> _Prompt_
For the material below, reproduce exactly each line from the one that has "This screen here" through the one that has "Hi, this is", and no others; pictures stay out.

> _Records supplied_
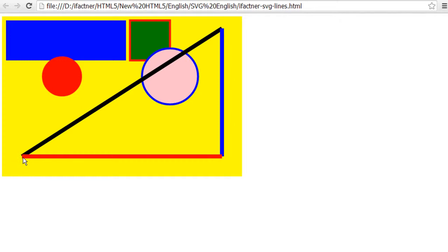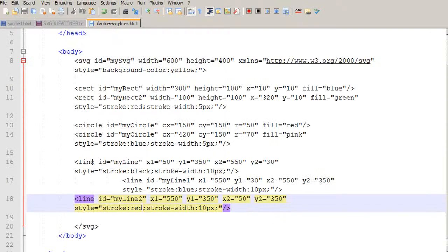So this is how we can draw lines, and we have discussed how to position our lines and how to change the properties of our lines. In the next tutorial we will be discussing about ellipses — how can we draw an ellipse in our SVG file or web page. Please join me in the next tutorial. Take care, bye bye.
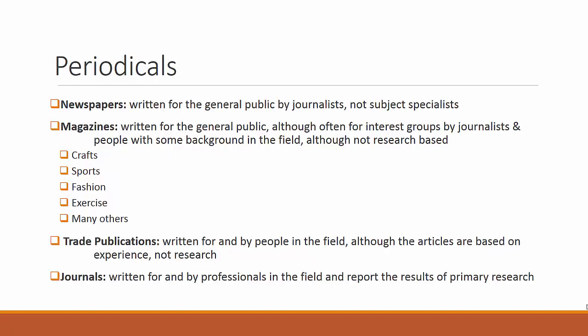A general database is defined as a resource to locate materials in all subject areas and a periodical database includes periodicals of all types.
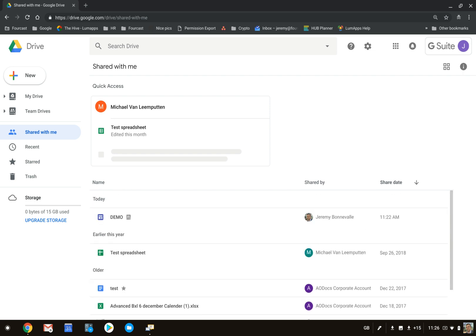People are struggling with this section because you cannot organize anything in the Shared with Me section. What you can do, however, is organize these files and folders into your My Drive. To do so, you can take whichever file or folder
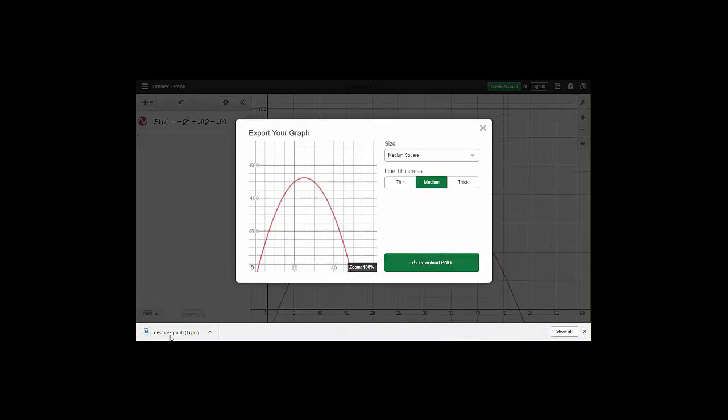It'll go ahead and download that onto your hard drive. Typically it's in a folder called downloads. And once you have it in that folder, then you can turn around and grab that and import that into some other application.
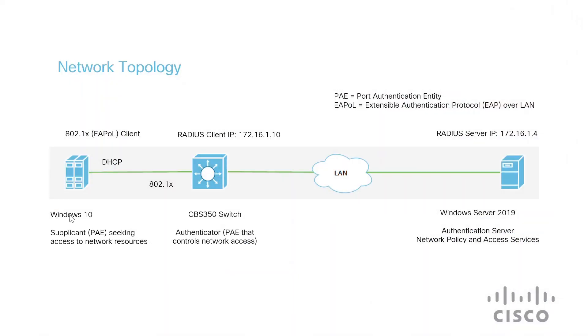This screen here is the network topology layout using graphics. First on the left, I start with the supplicant because it's seeking access to the network resources. The 802.1x client is a PC that uses Windows 10 enterprise operating system.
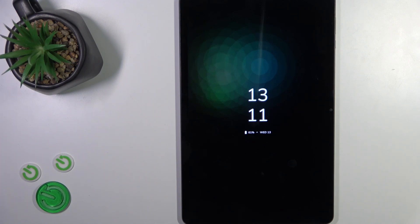Hi, this is the Honor Paddy X9 and I'll show you how to turn off the Always On Display option on this device.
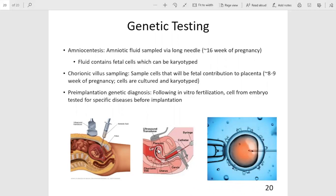In addition, for individuals undergoing in vitro fertilization, where an egg is fertilized in a laboratory setting, the embryo can be tested for specific genetic diseases prior to implantation in a human. This concludes the recorded lecture for chapter 16.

> _Answer to this exercise_
This screen here is the network topology layout using graphics. First on the left, I start with the supplicant because it's seeking access to the network resources. The 802.1x client is a PC that uses Windows 10 enterprise operating system.
Hi, this is the Honor Paddy X9 and I'll show you how to turn off the Always On Display option on this device.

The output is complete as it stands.